C’est ce que la dévotion populaire veut exprimer dans la procession de la Fête-Dieu qui est associée à la fête du Très Saint-Sacrement du Corps et du Sang du Christ. Au Québec, elle connut de belles heures. Elle a lieu encore en quelques endroits. Dans d’autres parties du monde c’est un témoignage de foi qui perdure avec éclat comme à Rome où, guidée par le pape, elle va de la basilique Saint- Jean-de-Latran à la basilique Sainte-Marie-Majeure.
En effet, l’essentiel de la dévotion à l’Eucharistie c’est la foi en la présence de Jésus dans le Sacrement de l’Eucharistie. C’est la reconnaissance que dans les gestes qui sont posés dans nos assemblées qui célèbrent l’Eucharistie, comme dans les assemblées du temps de saint Paul, le Christ ressuscité est présent et bien vivant.
Nous le proclamons publiquement lorsque nous vénérons, exposée dans l’ostensoir ou conservée dans le tabernacle, l’hostie consacrée au cours d’un rassemblement eucharistique.
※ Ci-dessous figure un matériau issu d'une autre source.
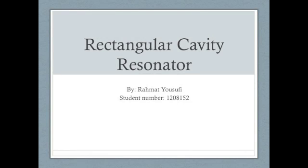Hello, this is the final project for Electrical Engineering 2FH3. My name is Ramat Yousufi and I chose to implement a rectangular cavity resonator in OpenEMS.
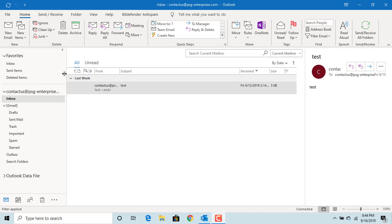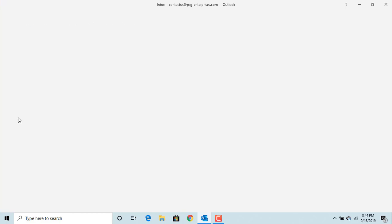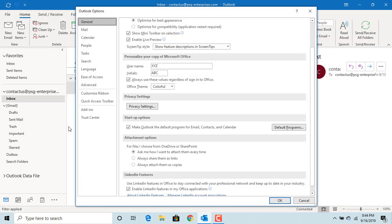To change the message format, click on File, click on Options, click on Mail.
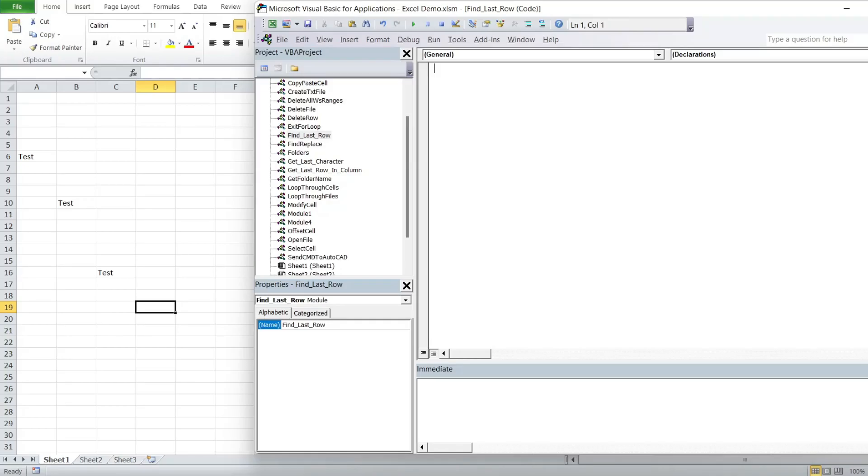In this video, I'm going to show you how to search through the entire worksheet and get the last row number with data in that.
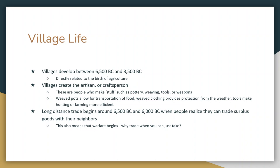Originally it starts with flint tools and then by around 5000 BC we have moved on to copper tools, so tool making develops relatively quickly. You also have long-distance trade, with evidence of trade as early as 6000 BC. One community has too many goats, another has too many chickens, and they learn they can trade with each other and both benefit. But this long-distance trade also gives rise to the idea of warfare — why would you trade and give up something of your own if you could just take somebody else's by force? So the birth of warfare really happens when these villages develop.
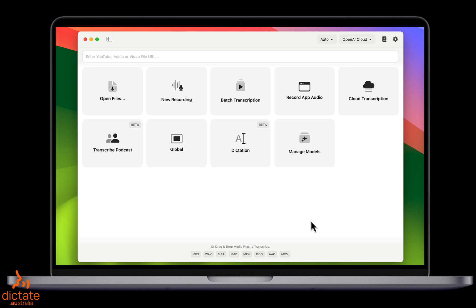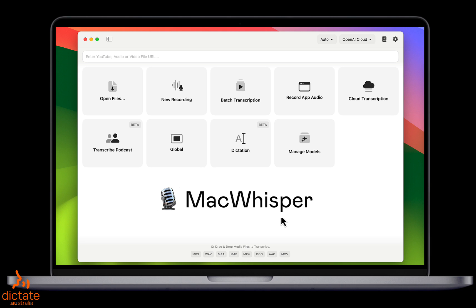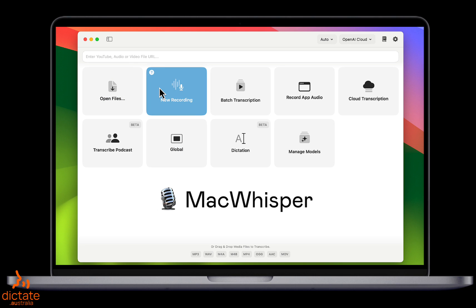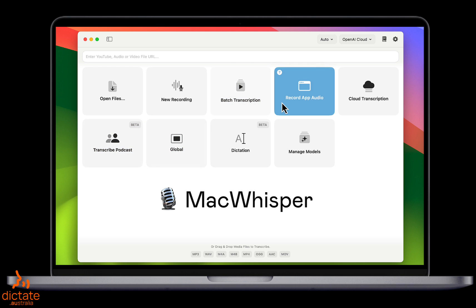Here is an excellent Mac application that we came across called Mac Whisper. It contains a lot of functionality, including the ability to transcribe from an audio file, a podcast, even a live audio stream, as well as live spoken voice like me talking to my Mac.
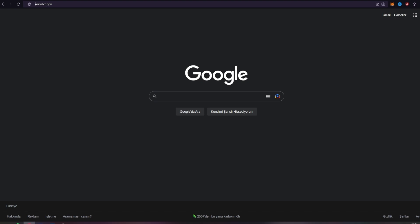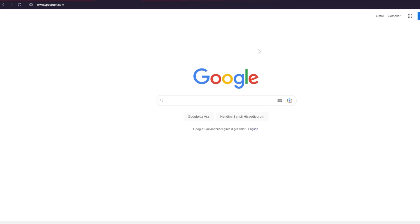Actually, it is quite easy to apply for the Affordable Connectivity Program. Open up a web browser of your choice and type www.spectrum.com in the URL box and press enter on your keyboard.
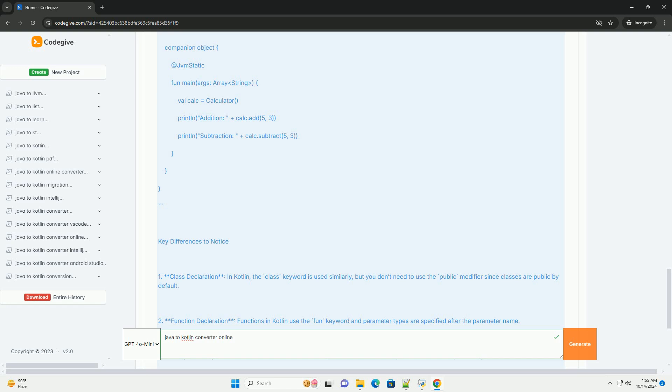Conclusion: Using an online converter is a quick way to convert Java code to Kotlin, but always review the output to ensure that the converted code meets your requirements. Additionally, you can use IDEs like IntelliJ IDEA or Android Studio, which provide built-in features to convert Java files directly into Kotlin.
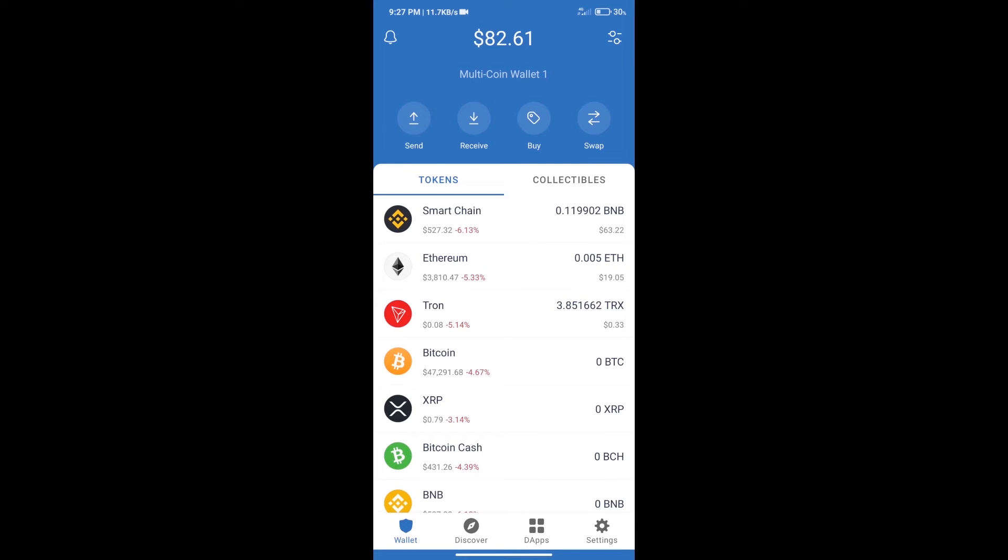Hello guys, today we will tell you how to buy Doge World Cup token on Trust Wallet. Firstly, we will purchase BNB Smart Chain. After that, we will click on the buy button.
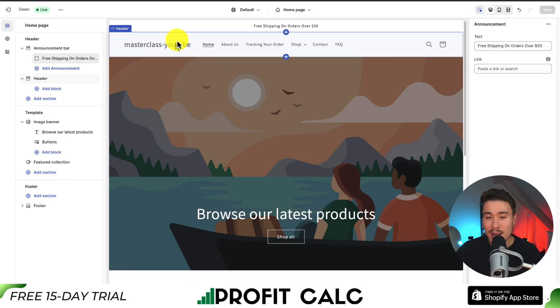Overall, that's how we add an announcement bar using Shopify Dawn's pre-built settings.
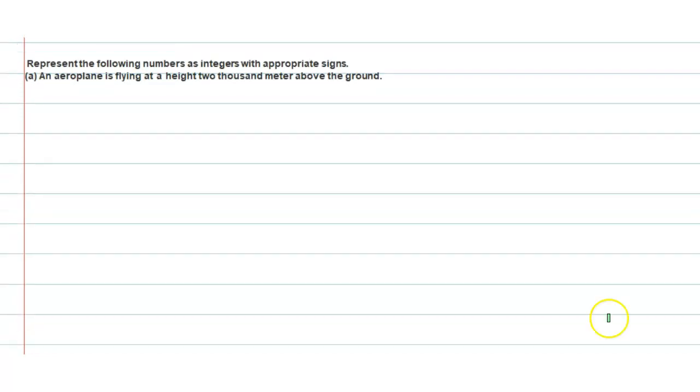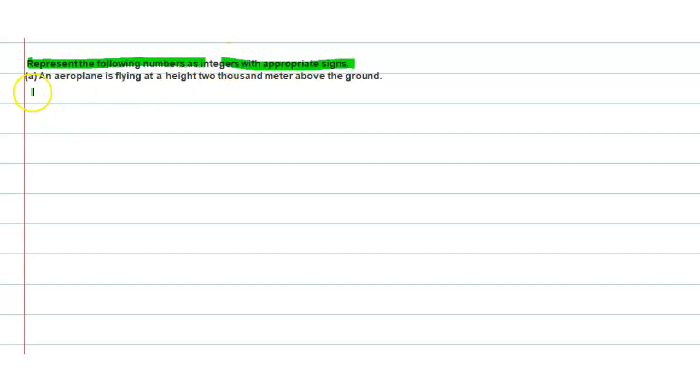Hello everyone, welcome back to our channel. Today's question is about presenting a number as an integer with an appropriate sign. The first part: an aeroplane is flying at a height of 2000 meters above the ground. For positions that are above, we use a positive sign.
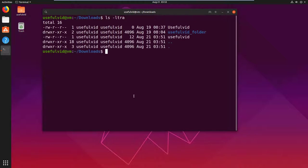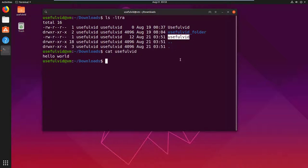In my download folder is a file called usefulvid. The file is a simple text file with the content hello world. I will now create a softlink by using the ln command with the minus s option.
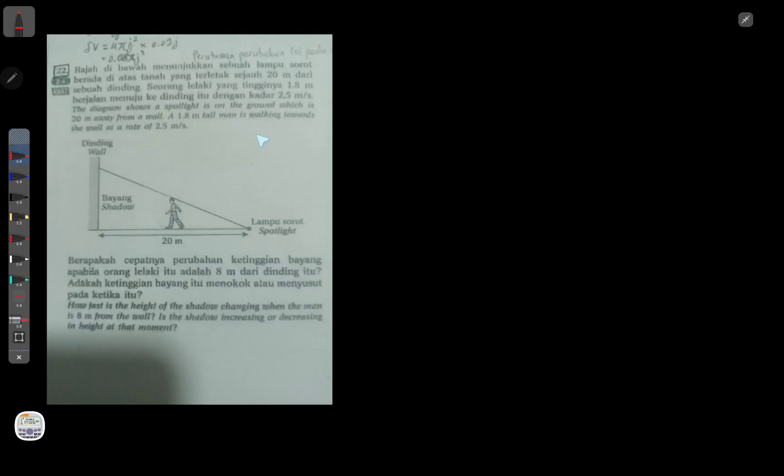Today we're going to make a short video about this 'kebab' differentiation problem. This video is about rate of change. The question is asking: when a guy is walking toward the wall, how is the shadow changing? Obviously, if the spotlight is here, when this man walks toward the wall, the shadow should become shorter and shorter — so the height of the shadow is actually decreasing.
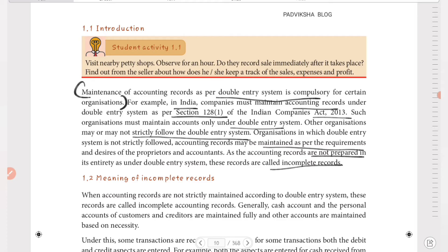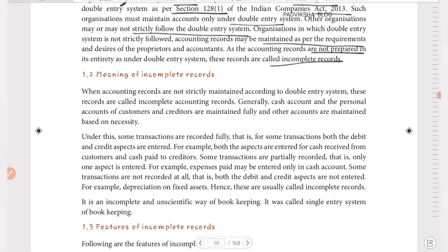As per the Indian Companies Act, records strictly maintained under the double entry system are complete records, while those not strictly maintained are incomplete records. The introduction definition: when accounting records are not strictly maintained according to the double entry system, these records are called incomplete accounting records. This is a very important definition to know for the exam. Generally, cash account and personal accounts of customers and creditors are maintained fully, and other accounts are maintained based on necessity.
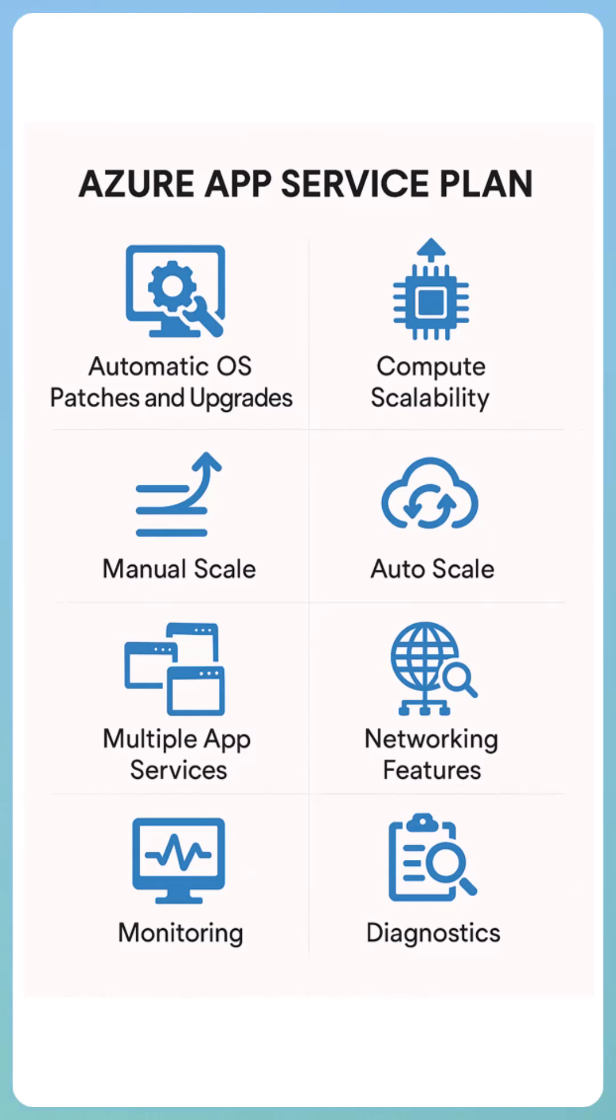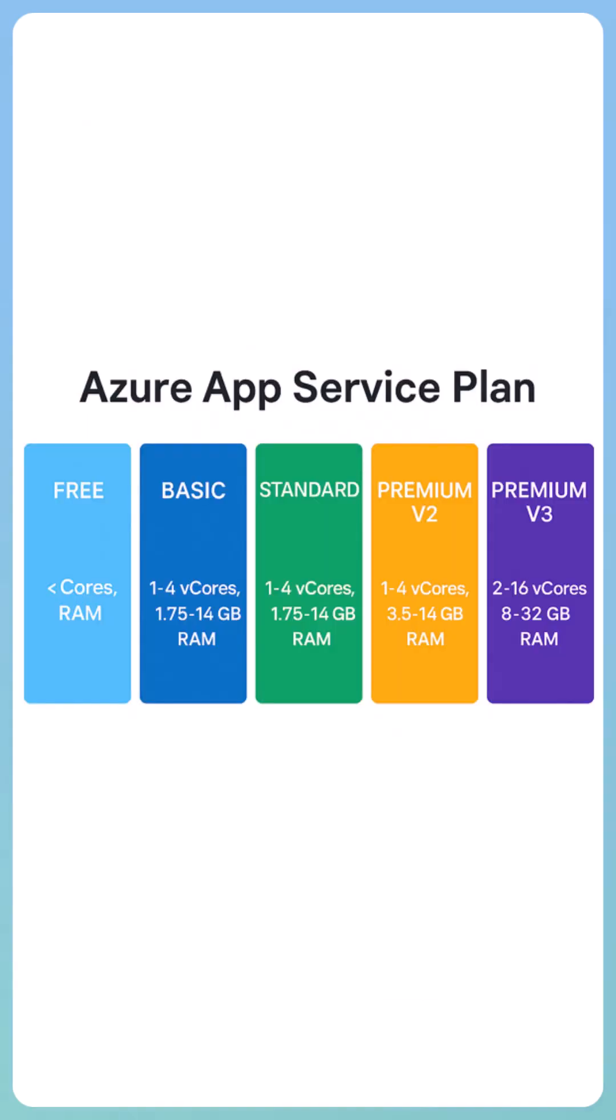Service plan provides all these features. Today we are going to discuss compute scalability. Service plan is one of the most important PaaS services which provides flexible compute options, which means we can choose the capacity like CPU and RAM based on our requirements.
Ainsi la procession de la Fête-Dieu et l’adoration eucharistique ne nous éloignent pas de la Cène du Jeudi-Saint que rappelle saint Paul, mais elles nous gardent dans son sillage et nous font entrer dans le partage des sentiments qui furent ceux de Jésus dans son don total au Père.
Conclusion
Que notre Fête-Dieu – aujourd’hui sans procession au Lac Poulin – soit une fête remplie d’amour et de chaleur par la foi que nous mettons dans la présence de Jésus parmi nous de façon spéciale dans son Corps et dans son Sang.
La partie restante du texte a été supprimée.